» WHAT TO DO: Pictures are to be dropped, and only the lines from the one containing "KS license plate 557AIS" through the end of the data below are to be reproduced as written.

MATERIAL PROVIDED START

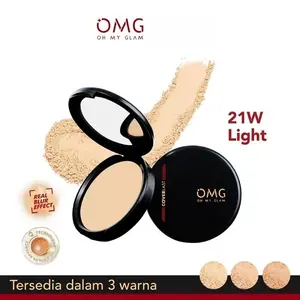 Grosir OMG Oh My Glam Coverlast Two Way Cake 12 g - Bedak Padat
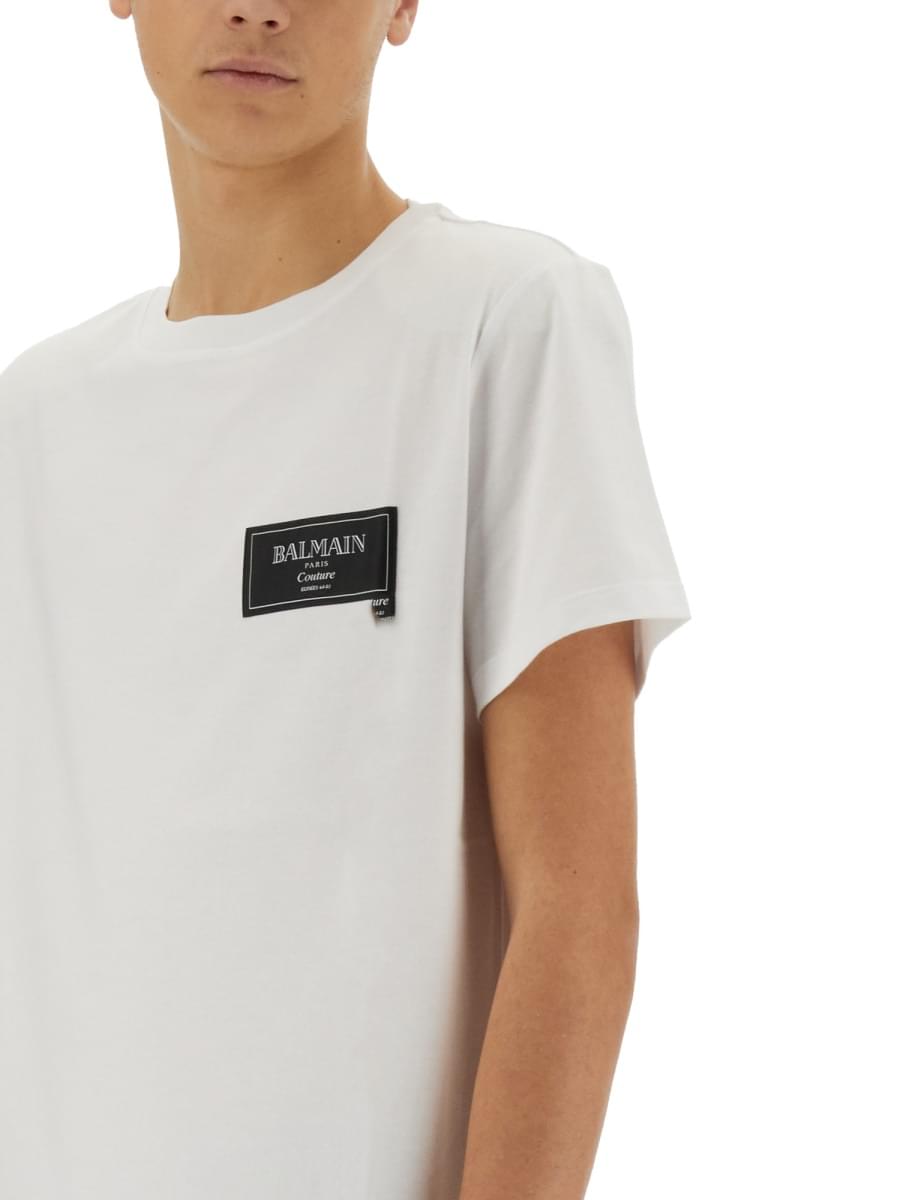 Balmain Men T-Shirt With Logo BALMAIN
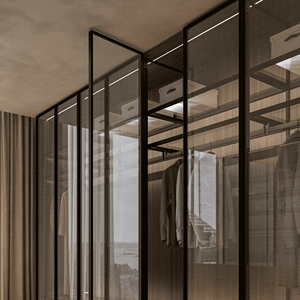 JY Project Customized Modern Clothes Wardrobe for Bedroom Dressing Room Walk In Closet OEM Luxury Storage Design Hardware - Product Image 2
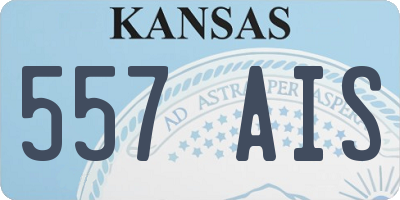 KS license plate 557AIS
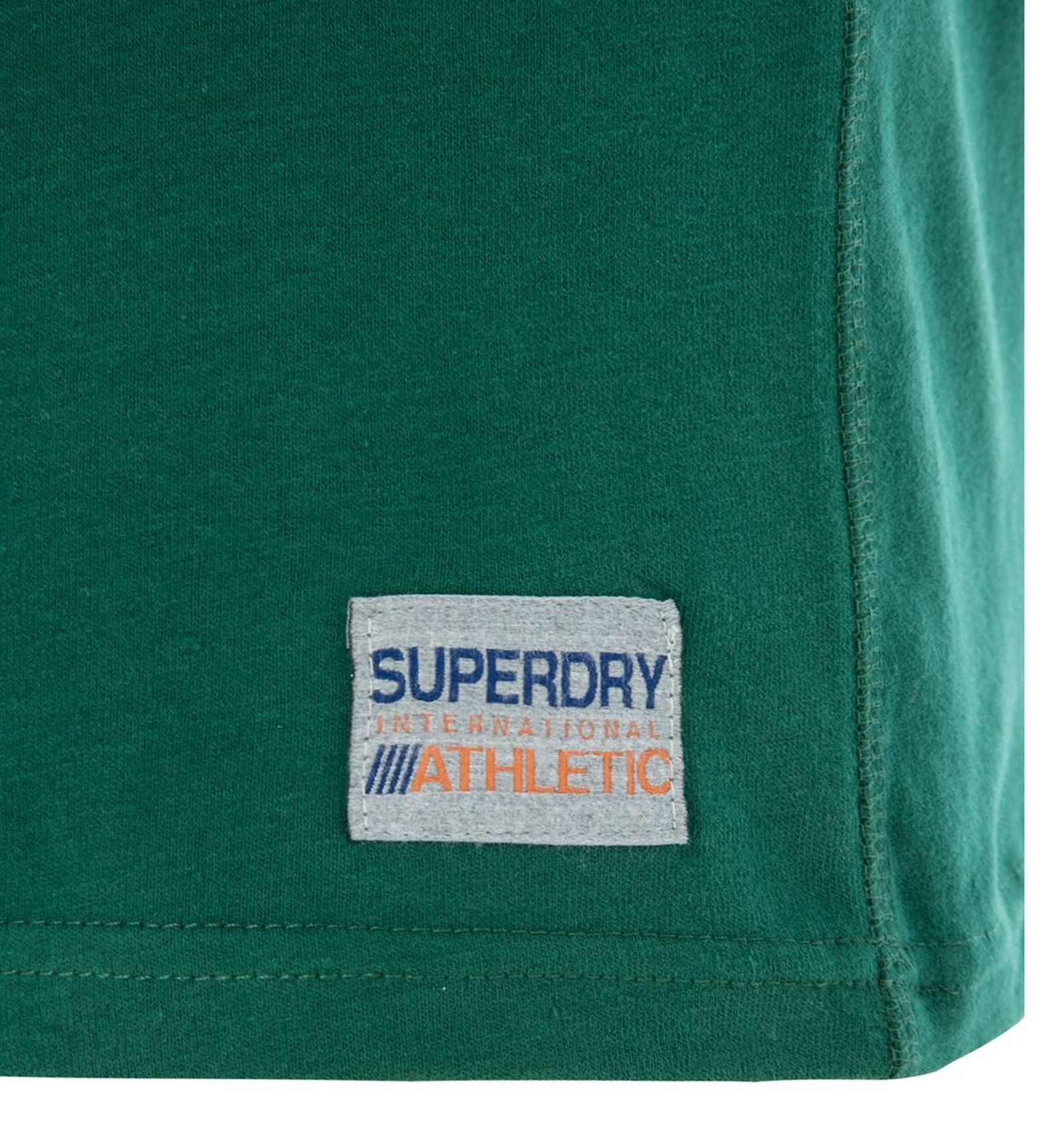 تی شرت نخی یقه گرد مردانه - سوپردرای - سبز - 6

MATERIAL PROVIDED END

» TASK RESULT:
 KS license plate 557AIS
 تی شرت نخی یقه گرد مردانه - سوپردرای - سبز - 6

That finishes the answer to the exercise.